HomeMy WebLinkAboutThe Citizen, 2010-09-09, Page 5THE CITIZEN, THURSDAY, SEPTEMBER 9, 2010. PAGE 5.
Advertising is the rattling of a stick inside a
swill bucket
– George Orwell
Iused to find George a trifle harsh in his
dismissal of the advertising business, but
I’m beginning to think he was just
ahead of his time. Maybe it’s a reaction to
those pop-up ads that blossom like Whack-a-
Moles on my computer screen when I’m
trying to read something; perhaps it’s the
memory of all those smiling athletes
during the Olympics pimping crap food
in TV ads for McYouknowwho’s.
Or maybe it was the guy from Victoria,
British Columbia who came up with the idea
of plastering photos of a dozen women Tiger
Woods dallied with onto golf balls and selling
them in boxed sets of 12 as “The Mistress
Collection” – for $49.95. He calls the concept
“Tail of the Tiger”.
“Tail”….geddit?
Sleazy? You bet. Tacky? Oh, yeah.
Commercially successful? Stratospherically.
“We’re getting orders from Korea, Poland,
Germany, France, Ireland…” Roger Sevigny
told a newspaper reporter for the Victoria
Times-Colonist. “I figure it’s got legs at least
to Christmas.”
I figure he’s probably right, alas. H. L.
Mencken once wrote that no one ever went
broke underestimating the taste of the
American public. He could have pushed the
border north at least as far as Victoria.

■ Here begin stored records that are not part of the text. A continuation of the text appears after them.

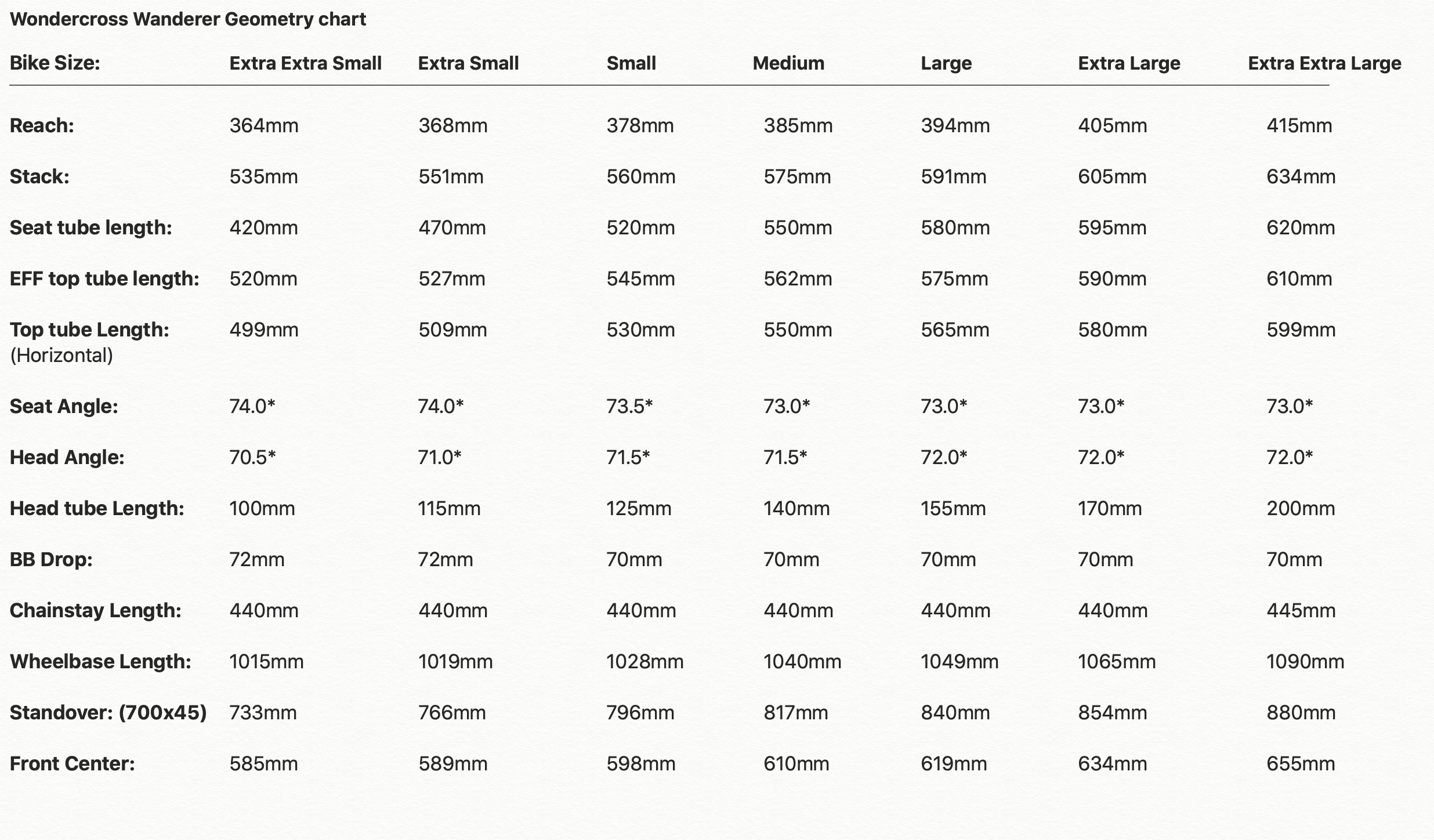 Wondercross Wanderer Geometry Chart .png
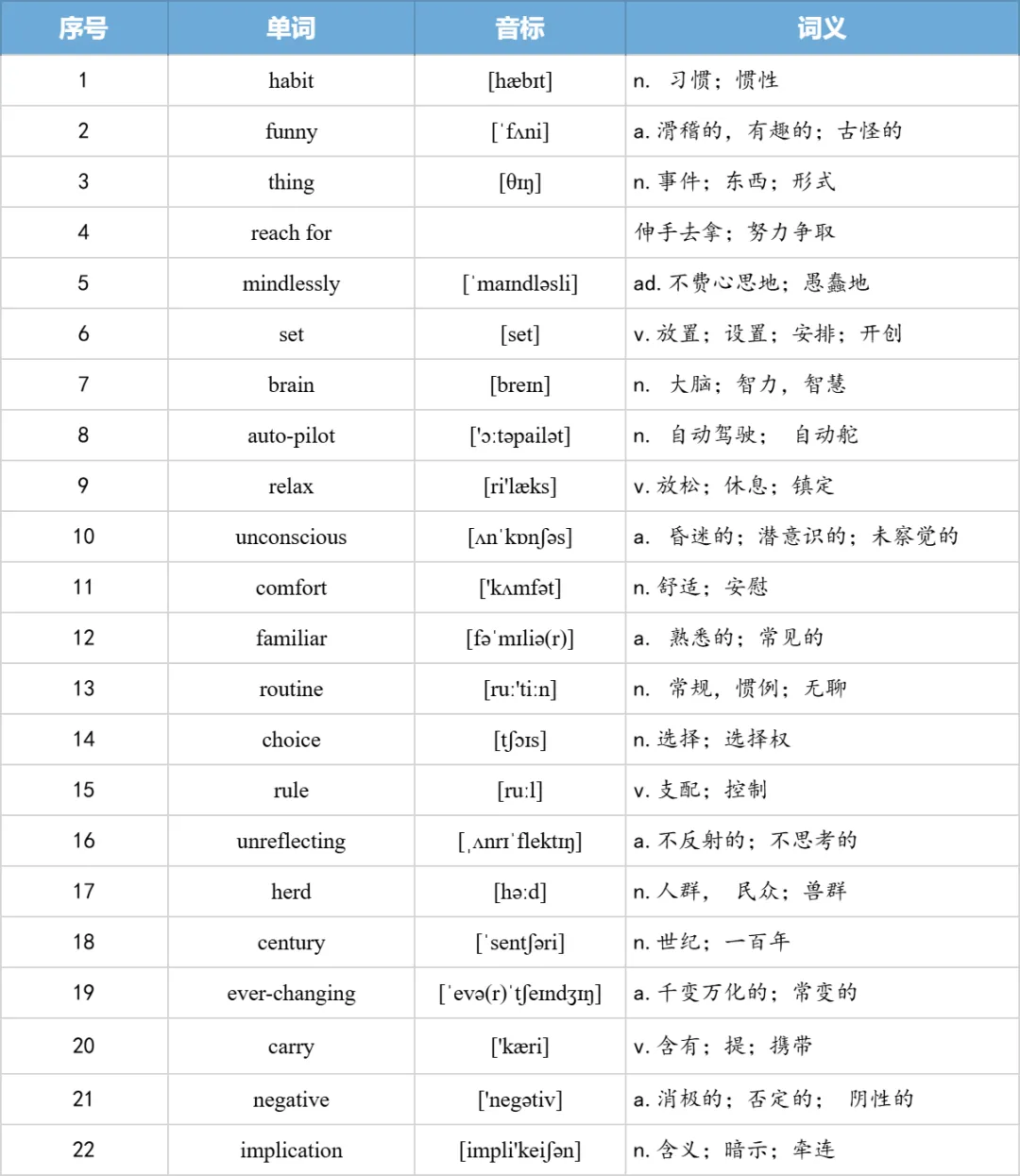 【27考研】真题阅读核心词带背 | 2009年text1-第7张图片-四季读书网 【27考研】真题阅读核心词带背 | 2009年text1-第7张图片-四季读书网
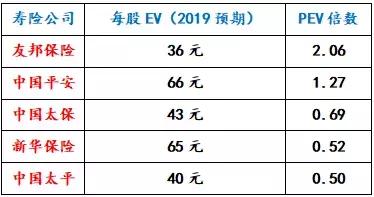 中国平安现金流量折现估值,2015年中国平安的估值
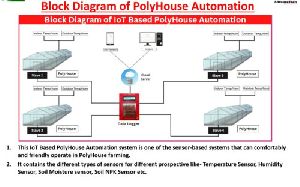 Automatic Polyhouse Control System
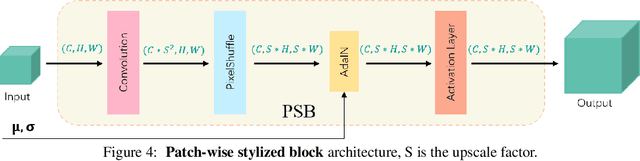 Figure 4 for PS-NeRV: Patch-wise Stylized Neural Representations for Videos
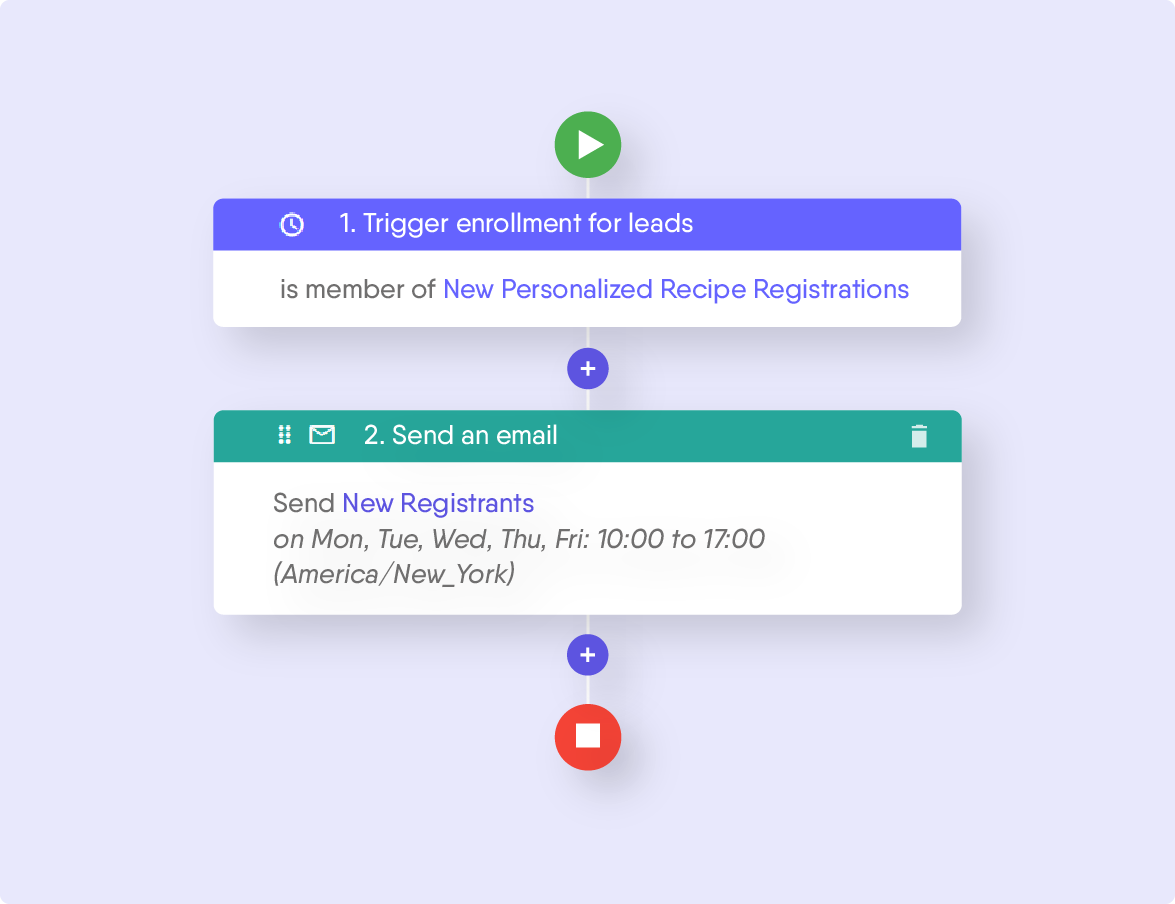 Integrate Interactive Lead Magnets
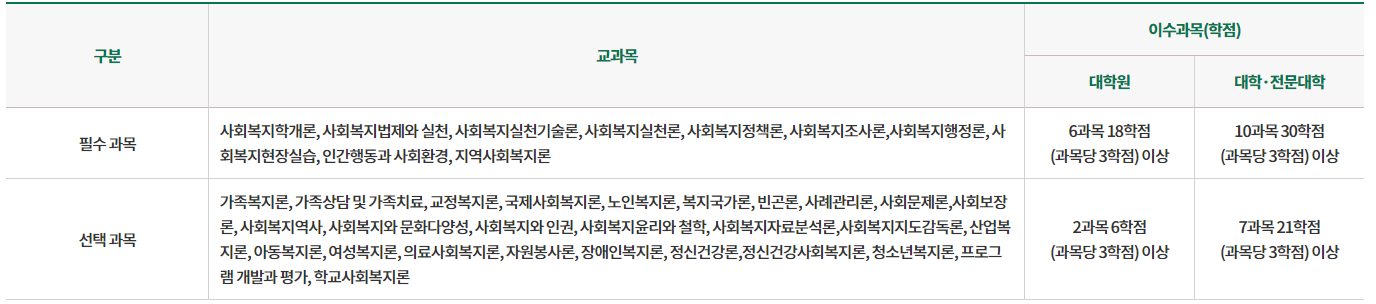 2024년 사회복지사 2급 자격증 (이수과목 안내)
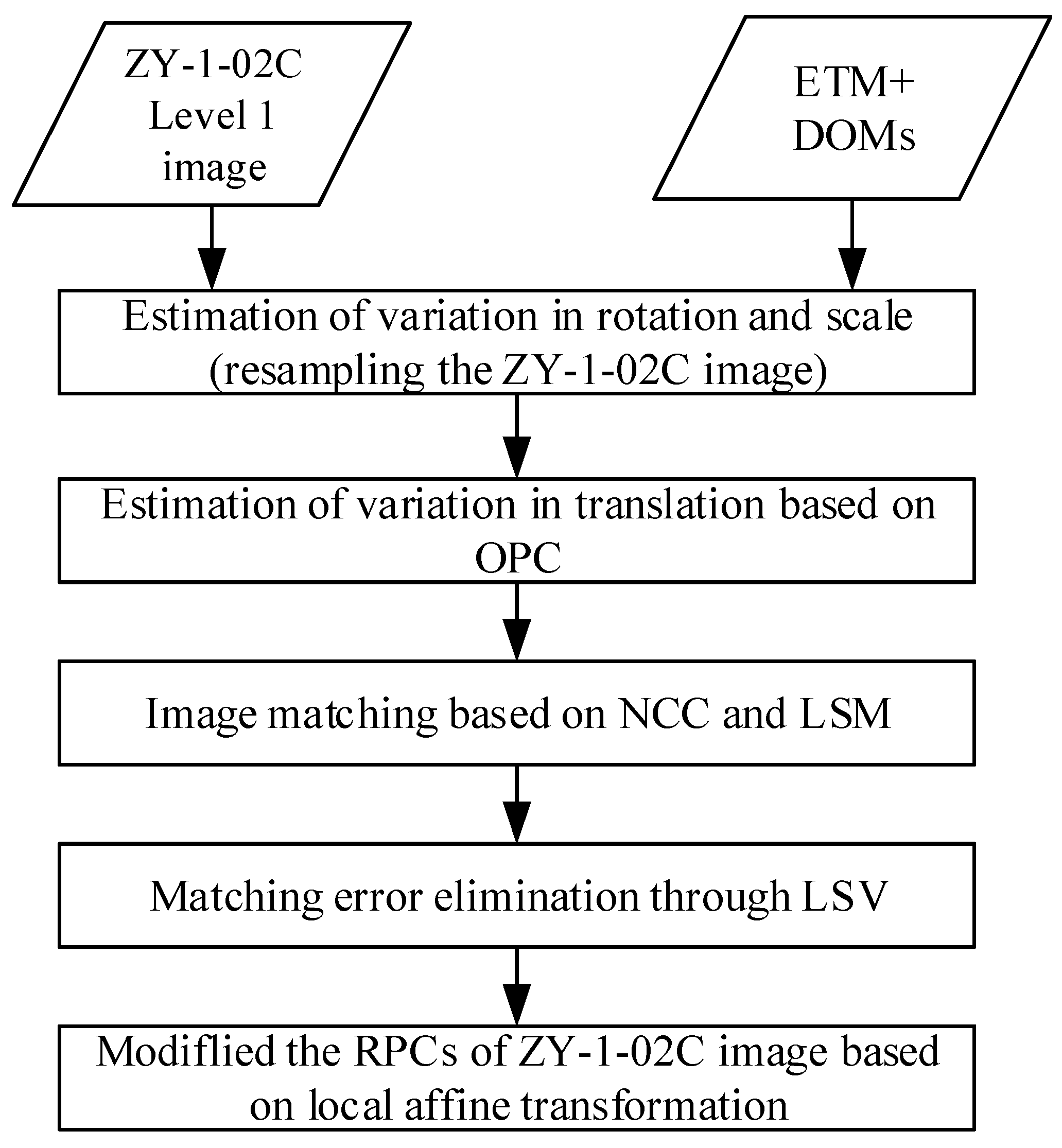 Applsci 07 01066 g001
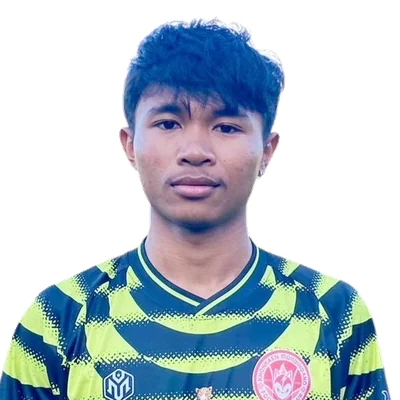 Thirawit Chakoti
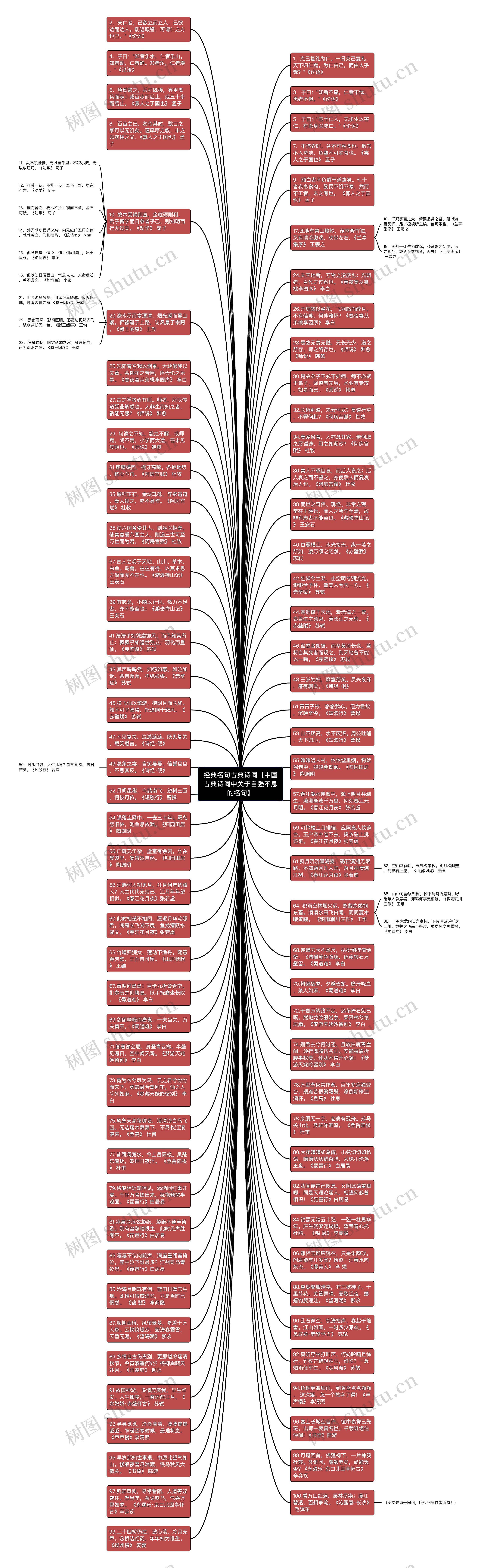 经典名句古典诗词【中国古典诗词中关于自强不息的名句】思维导图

And Vancouver. A couple of entrepreneurs
there have come up with a line of gag decals
for travellers. The decals are big enough to
stick on the side of a suitcase and they’re
terribly clever. They make it look like the
luggage has been damaged – ripped open –
enough to reveal what’s inside. One decal
makes it look like the suitcase is stuffed with
packets of cocaine. Another shows what
appear to be a variety of kinky sexual aids.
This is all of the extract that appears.